Ask HN: Best economy VPS hosting in Europe? - jjossarin

Hi,
I am looking for a economic VPS hosting plan to try and test some of my applications for sometime. Maybe after I start to generate some revenue or become sure of my priority apps, I would consider a little higher-end options. I have never bought a VPS plan before. My requirements are: run most standard servers like web, mail, FTP, SSH, DNS and apps like Wiki, mailing list, and other custom servers in python and java. Some of these Java/Python servers would be running for a long time (weeks). How much RAM, CPU etc on a VPS do you recommend?<p>I found out that VPS hosting in Europe is considerably cheaper than in the US- is it also worth going for? Some of them don't have very good English-language support, but I might be able to deal with it, given that I am convinced about the advantages (and terms and conditions :)<p>I have seen some comparision here [http://meshfields.de/host-europe-godaddy-hetzner-rackspace/] but still feel that I don't have enough information to decide. Please help me choose from among these (most of these have ~10 euro per month plans):<p>* 1 and 1<p>* hosteurope.de<p>* hetzner.de<p>* server4you.de<p>* strato.de<p>* serverloft
======
fijter
For a decent English VPS: Linode.com. My personal preference: xlshosting.com,
it's Dutch, but you get great value for your money (2-Core 1024 MB VPS for
€20,- a month), very good support and a fast connection.

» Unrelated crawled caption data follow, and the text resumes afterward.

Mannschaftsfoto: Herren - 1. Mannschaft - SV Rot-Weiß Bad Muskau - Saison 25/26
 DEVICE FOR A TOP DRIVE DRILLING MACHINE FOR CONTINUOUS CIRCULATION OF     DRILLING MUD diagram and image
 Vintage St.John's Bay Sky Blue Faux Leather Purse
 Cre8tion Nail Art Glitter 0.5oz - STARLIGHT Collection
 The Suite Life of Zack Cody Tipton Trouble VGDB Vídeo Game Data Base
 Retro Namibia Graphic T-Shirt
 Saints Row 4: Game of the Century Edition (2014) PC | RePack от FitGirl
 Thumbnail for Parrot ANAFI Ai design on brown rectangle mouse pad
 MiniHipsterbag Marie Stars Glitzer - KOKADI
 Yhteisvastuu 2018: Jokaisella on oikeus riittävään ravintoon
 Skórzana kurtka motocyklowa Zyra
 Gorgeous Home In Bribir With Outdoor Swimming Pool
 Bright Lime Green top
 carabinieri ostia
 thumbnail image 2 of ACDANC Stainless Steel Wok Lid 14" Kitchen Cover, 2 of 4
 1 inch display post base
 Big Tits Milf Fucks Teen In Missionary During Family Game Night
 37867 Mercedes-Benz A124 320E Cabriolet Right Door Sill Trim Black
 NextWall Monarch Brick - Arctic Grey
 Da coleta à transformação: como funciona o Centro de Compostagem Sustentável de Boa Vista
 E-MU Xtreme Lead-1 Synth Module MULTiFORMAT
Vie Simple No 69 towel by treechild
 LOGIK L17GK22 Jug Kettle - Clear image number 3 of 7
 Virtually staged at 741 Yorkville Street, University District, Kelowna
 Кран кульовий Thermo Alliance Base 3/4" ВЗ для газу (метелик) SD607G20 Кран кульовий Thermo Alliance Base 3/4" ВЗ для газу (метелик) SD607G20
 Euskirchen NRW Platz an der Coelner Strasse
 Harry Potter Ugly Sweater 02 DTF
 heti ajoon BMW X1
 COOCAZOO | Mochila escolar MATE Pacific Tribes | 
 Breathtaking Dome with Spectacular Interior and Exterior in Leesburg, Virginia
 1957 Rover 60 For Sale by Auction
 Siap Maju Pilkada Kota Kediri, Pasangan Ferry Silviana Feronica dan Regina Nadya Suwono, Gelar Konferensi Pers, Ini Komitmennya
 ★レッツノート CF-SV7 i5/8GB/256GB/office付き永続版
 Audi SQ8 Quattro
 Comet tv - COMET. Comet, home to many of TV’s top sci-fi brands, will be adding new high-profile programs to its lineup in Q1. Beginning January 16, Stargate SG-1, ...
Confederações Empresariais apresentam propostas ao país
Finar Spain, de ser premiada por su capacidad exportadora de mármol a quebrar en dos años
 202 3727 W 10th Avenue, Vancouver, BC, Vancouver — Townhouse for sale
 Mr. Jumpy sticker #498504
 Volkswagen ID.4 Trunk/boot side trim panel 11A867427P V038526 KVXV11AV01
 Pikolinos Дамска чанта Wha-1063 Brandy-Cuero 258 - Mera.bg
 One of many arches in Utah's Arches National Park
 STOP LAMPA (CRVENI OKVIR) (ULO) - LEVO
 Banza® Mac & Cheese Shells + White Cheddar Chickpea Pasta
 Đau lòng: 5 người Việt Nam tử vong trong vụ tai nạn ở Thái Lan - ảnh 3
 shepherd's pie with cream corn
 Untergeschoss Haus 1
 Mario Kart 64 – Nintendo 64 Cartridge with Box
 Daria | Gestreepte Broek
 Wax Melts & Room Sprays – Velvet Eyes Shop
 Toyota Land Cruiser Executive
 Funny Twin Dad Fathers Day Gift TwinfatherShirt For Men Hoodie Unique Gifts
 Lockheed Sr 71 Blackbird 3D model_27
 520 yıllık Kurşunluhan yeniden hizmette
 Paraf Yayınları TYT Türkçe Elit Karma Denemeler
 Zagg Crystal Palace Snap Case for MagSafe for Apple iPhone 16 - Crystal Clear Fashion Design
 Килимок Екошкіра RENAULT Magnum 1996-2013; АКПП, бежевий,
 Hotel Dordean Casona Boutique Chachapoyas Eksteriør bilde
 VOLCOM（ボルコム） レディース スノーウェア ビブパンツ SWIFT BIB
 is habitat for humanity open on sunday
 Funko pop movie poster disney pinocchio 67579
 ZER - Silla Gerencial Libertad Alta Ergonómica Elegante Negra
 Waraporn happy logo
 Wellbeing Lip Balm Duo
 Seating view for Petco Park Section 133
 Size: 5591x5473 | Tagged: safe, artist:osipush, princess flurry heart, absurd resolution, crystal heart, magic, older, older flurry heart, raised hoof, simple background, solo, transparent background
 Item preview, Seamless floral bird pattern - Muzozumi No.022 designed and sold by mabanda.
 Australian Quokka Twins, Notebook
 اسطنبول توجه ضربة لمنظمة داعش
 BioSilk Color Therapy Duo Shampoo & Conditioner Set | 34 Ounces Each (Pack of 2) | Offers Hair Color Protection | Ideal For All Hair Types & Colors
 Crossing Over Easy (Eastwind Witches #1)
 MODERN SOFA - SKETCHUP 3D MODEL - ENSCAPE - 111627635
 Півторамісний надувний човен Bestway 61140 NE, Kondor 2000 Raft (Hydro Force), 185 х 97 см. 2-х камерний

I've got both a Linode node and a XLS VPS, Linode has a nice DNS manager, but
the price, service and speed of XLS is better in my situation. (note: I'm
located in The Netherlands, so comparing speed isn't all that fair ;)).

------
tshtf
Check out lowendbox.com for some inexpensive VPS ideas, or try Linode or the
free EC2 tier if you need something more reliable.